Forum Moderators: Robert Charlton & goodroi
Does the Google Toolbar send my web history to the main Google cache for search results?
Maybe with the cache settings on maximum?
So, if I visit a web page that can only be reached through a valid form submission, will the google Toolbar add this page to the main search cache? So a page I visited will show up on someone else's search?
I know we can use the <meta> tag to stop robots but what if a site I visit doesn't have this tag?
If it can then this is an amazingly sneaky and perilous way of bypassing the limitations of the standard Google crawler ie; it can't guess form values
Google does apparently discover new urls from toolbar data. But those pages can't get into the index without a follow-up visit from googlebot. That is, the toolbar does not "spider" the page you visit and send all that data back to Google. Let's not give them any ideas, eh ;)
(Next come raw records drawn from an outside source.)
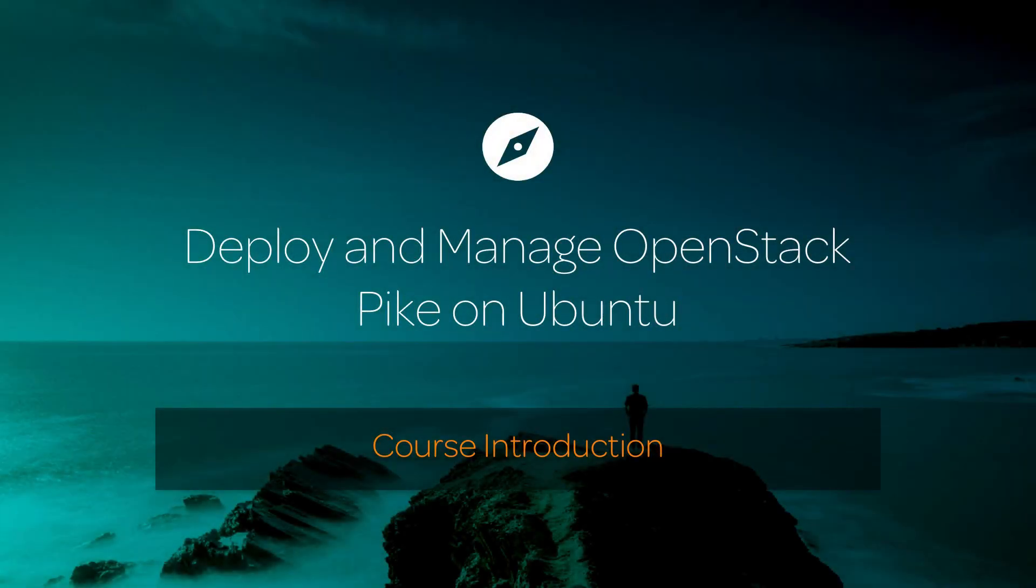Hi, and welcome back to Deploy and Manage OpenStack Pike on Ubuntu. In this lesson, we're going to have a quick course introduction.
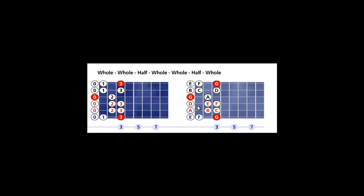There you go, one octave from red to red, root to root.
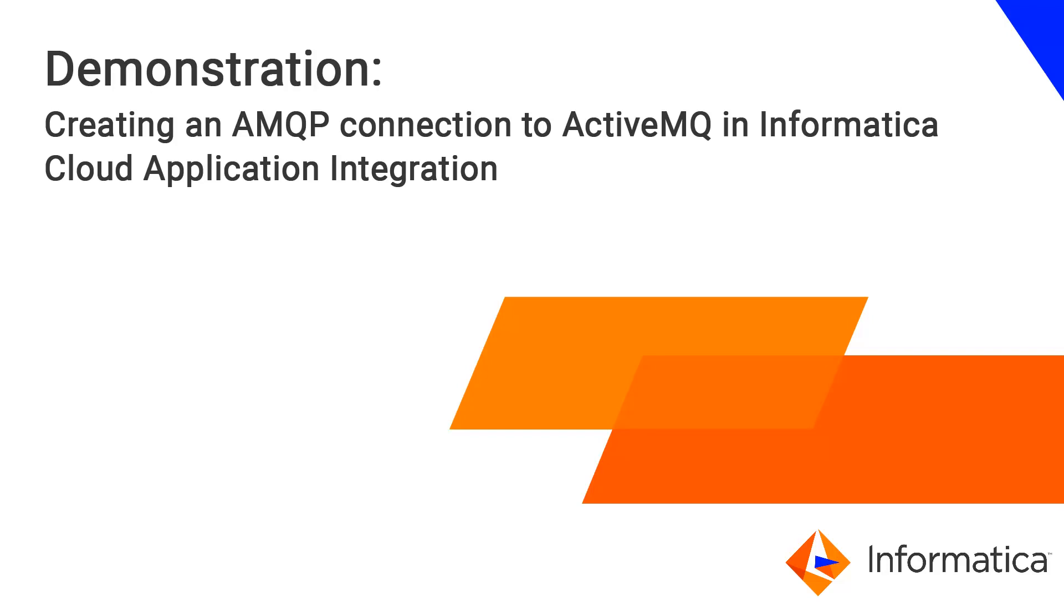In this demonstration, you will create an AMQP connection to an ActiveMQ queue and trigger an Informatica cloud application integration process in the event of a new message being published to the queue.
The question of whether the Toolbar is sending your web history to Google, and whether Google is using that information to crawl previously undiscovered pages may be two different questions.
I have a strong feeling that Google does track the urls you visit through the web. At the moment, I don't feel up to speculating on what they might be doing with that data. I can't rule out that they feed the data to Googlebot, but I don't know, and I suspect not.
Google has previously indicated that it's likely publicly available server logs are how Googlebot finds pages you've visited. There's a discussion on that topic here...
Why is Google indexing my entire web server?
[webmasterworld.com...]
Note, though, that the Google link regarding the "secret server" that I'd posted in the above thread has been redirected to an article about verifying Googlebot, and that a search for exact text in the original "secret server" article doesn't come up in a Google search. I hesitate to draw any conclusions from this, though others might.